I spent a lifetime studying and contemplating freedom. Is it living without constraint? Many people think so. And act is if there are no constraints on their lives. But are we aware of all the constraints that are often hidden within us? The Desert Fathers, early Christian contemplatives who studied these things most deeply, defined an entire hierarchy of constraints within us that we may not even realize. Desire is one. Will you live the next two months as a slave to your emotions and desires which are whipped into a frenzy by advertising geniuses? Or can you step back and recognize these for what they are and retain your focus on your with-God life?

That is where you find freedom–and rest.

Why worry what others say

October 29, 2010

I often find myself in small groups or conversations where people want to talk about other people. What they said, what they meant, will they go to heaven, what’s wrong with them in the smallest, goriest detail, and on and on. I have no problem praying for others–do it all the time, well, er, at least often. But where does concern end and gossip begin? Where does idly worrying about others end and loss of focus on my own life begin?

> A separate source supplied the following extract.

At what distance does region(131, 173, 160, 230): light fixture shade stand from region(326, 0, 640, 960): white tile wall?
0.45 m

Thomas a Kempis, writing in The Imitation of Christ, says, “Do not trouble yourself with idle cares. What matters this or that to you? Follow Me. What is it to you if a man is such and such, if another does or says this or that? You will not have to answer for others, but you will have to give an account of yourself. Why, then, do you meddle in their affairs?”

My last post talked about paying attention to others. When you meet someone, listen to them, listen to their name, observe their features and attitudes. Care for them and listen. But then don’t go away and talk about them to everyone who will listen. And worry over a comment they may have made. Don’t interfere with your own salvation and walk with God.

Your focus must be on the present. What matters is what you and God are doing now. Don’t worry about the past or the future. Don’t worry about what others say or think. When you’re with them, love them. Don’t obsess over them.